The Home Secretary’s net migration target includes students, visa overstayers, workers and refugees, but it does not include illegal immigration. That is why she failed so badly in the previous Parliament to deal properly with illegal immigration. It also does not include people who enter the country on short-term visas, even if they may then overstay and break the rules and abuse the system.

The problem for the Home Secretary is that by treating everything as part of her net migration target, she is failing. The area where her approach is failing most, and is most immoral, is the inclusion of refugees in the net migration target. That has created an incentive for the Home Office to resist giving people sanctuary, undermining our long tradition of humanitarian help. Ministers shake their heads, but let us look at the evidence about what they have done as a result of their direct incentive to cut the number of refugees that Britain accepts.

Eighteen months ago, I called on the Home Secretary to make sure that Britain was doing its bit to give sanctuary to some of those in greatest need in the refugee camps outside Syria.

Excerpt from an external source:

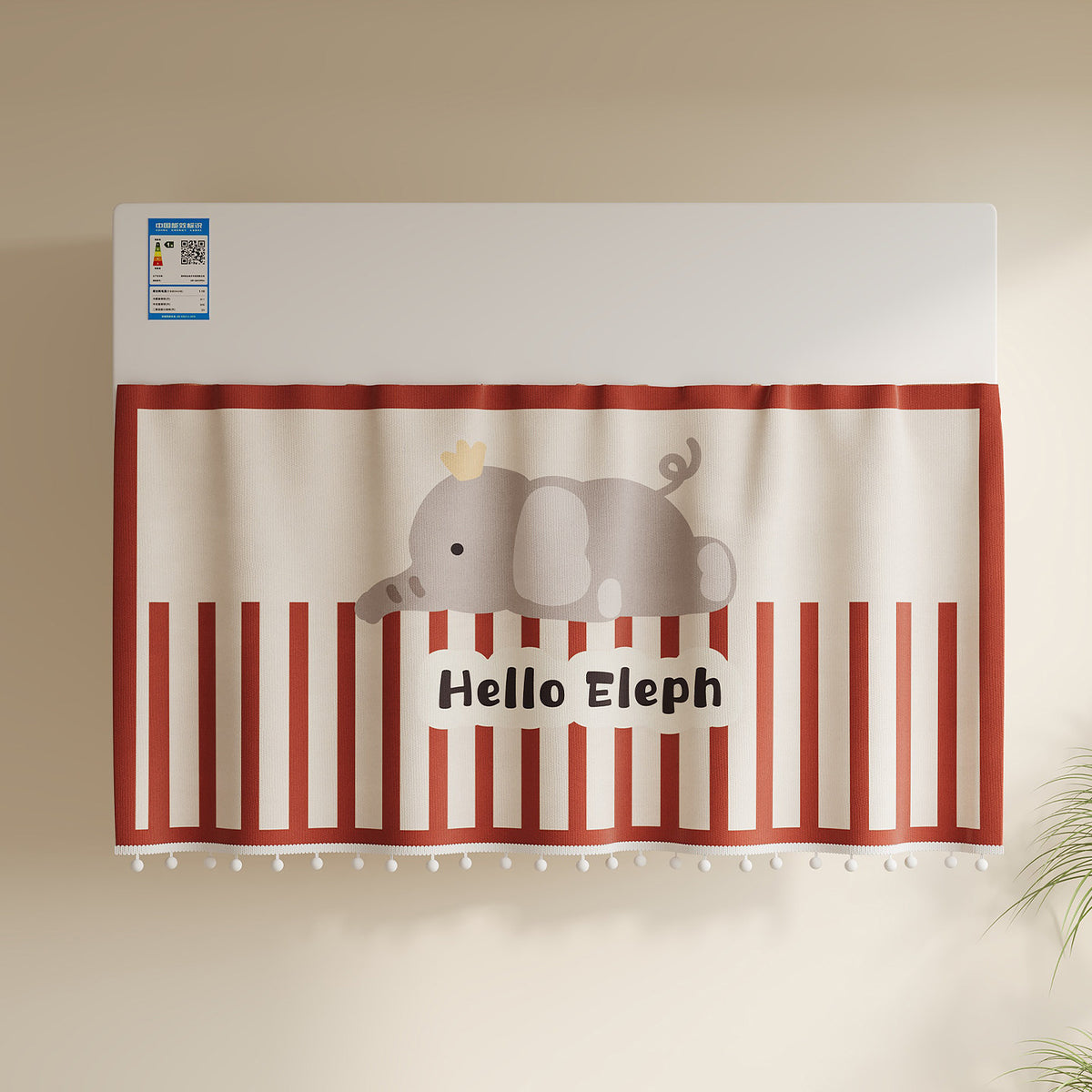 Children's Illustrated Pom-Pom Trim Appliance Top Dust Cover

She resisted until she was forced to give in, and even then she accepted only 140 people. Last summer, she led the arguments in Europe to stop search and rescue in the Mediterranean, leaving people to drown in the waves in order to deter others from coming here. Now she is again refusing to help when the UN asks for help. Ministers are right to target people-smugglers’ assets and their empty boats before they can set sail, and right to try to build stability in the region, but that is not enough. Frontex has said that the main cause of the increase in boats is the situation in Syria, which has caused the worst refugee crisis since the second world war. Yet the Home Secretary is still resisting the UN’s appeal to give sanctuary to more Syrian refugees, and refusing to help the United Nations High Commissioner for Refugees to provide refuge to more of those fleeing Syria and so manage the boat crisis.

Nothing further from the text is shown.